We're another family here who I can honestly say we are harassed by the ex unfairly.

I am not the OW, there was nearly a year between them splitting and DH and I getting together. We actually used to get on OK but as soon as we announced I was pregnant everything changed. She became obsessed with me and our relationship.
Maybe she didn't think we were that serious, maybe she thought babies would have happened much further down the line (so did we), maybe she thought I was just a bit of a fling and that she could have DH back if she wanted him.

She just became so bloody unreasonable! Still is.

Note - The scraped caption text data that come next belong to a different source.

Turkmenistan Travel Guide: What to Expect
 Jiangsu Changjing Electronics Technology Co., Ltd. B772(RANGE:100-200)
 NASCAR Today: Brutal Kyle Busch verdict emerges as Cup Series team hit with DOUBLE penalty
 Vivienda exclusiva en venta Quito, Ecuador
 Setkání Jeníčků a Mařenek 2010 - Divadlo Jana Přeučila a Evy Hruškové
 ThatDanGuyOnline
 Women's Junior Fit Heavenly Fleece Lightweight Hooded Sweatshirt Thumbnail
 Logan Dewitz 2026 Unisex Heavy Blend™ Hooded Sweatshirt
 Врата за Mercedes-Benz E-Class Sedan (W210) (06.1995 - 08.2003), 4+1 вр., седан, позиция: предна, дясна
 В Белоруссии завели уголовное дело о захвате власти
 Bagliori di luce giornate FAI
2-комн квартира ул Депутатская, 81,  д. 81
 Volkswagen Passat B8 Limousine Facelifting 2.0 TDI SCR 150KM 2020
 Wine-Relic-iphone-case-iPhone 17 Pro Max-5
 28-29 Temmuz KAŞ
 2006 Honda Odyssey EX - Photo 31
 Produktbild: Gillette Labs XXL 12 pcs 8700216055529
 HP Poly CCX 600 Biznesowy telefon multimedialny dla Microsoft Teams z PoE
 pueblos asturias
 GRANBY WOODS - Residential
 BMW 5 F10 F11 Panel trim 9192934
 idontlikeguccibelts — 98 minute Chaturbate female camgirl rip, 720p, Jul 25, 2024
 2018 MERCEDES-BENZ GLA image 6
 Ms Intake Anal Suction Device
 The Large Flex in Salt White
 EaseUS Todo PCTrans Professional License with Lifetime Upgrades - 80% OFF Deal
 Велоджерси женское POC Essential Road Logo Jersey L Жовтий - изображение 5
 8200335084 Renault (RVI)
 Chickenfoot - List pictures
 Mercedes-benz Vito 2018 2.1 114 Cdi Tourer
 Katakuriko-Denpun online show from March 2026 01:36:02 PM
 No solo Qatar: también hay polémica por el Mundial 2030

We've had to involve police because of the harrassment, even found her sat in her car outside our house late at night. God knows why! She became best friends with one of our neighbours which I don't believe was a coincidence. Yes probably a coincidence that they met, but that they became best friends and she would visit several times a week?
We've since moved but refuse to tell her why we live.
I use a different surname at work so she can't find out where I work. I don't want her to be able to make any contact with me.
Add in to the mix that she tries black mailing DH at every possible opportunity. I can't stand her!

I really think she's got a screw loose!

I'm not afraid to admit that I wish she didn't exist. If she dropped off the face of the earth tomorrow I'd be glad.
I love the kids to bits but their mother is a massive pain in the arse!

Storm15 · 06/03/2015 06:17

Things have got better with my DH's ex over time. I wasn't OW but she still called the police / SS and made allegations about me. Had DH arrested after she persuaded one of her boyfriends who had been beaten up by someone else to tell the police it was DH....it was awful for the first few years. Things have improved for us. I get on OK with her and speak to her most weeks now, I speak to her more than DH to only really emails. I don't particularly like her, I definitely wouldn't be friends with her if met in other circumstances and we have very different parenting styles.
I wouldn't say I felt harassed by her but I do feel she expects too much from me in terms of the time and support I end up spending on DSD. And I think she expects far too much of DH to the point where I'm pretty sure she knows full well she's taking the piss.
Contact has been stable and consistent for many years now but Mum will still use it as a threat to get what she wants every 12 - 18 months which I'll admit I resent her for; I would like the continuous underlying threat of drama and disruption to end. I never really feel I know where we are when it comes to DSD - whether she'll always be part of our family or not. I suspect we'll see less of her during her teenage years when her Mum's style of parenting will probably become more appealing than ours.

Storm15 · 06/03/2015 06:20

*expects far too much of DH financially that should have read!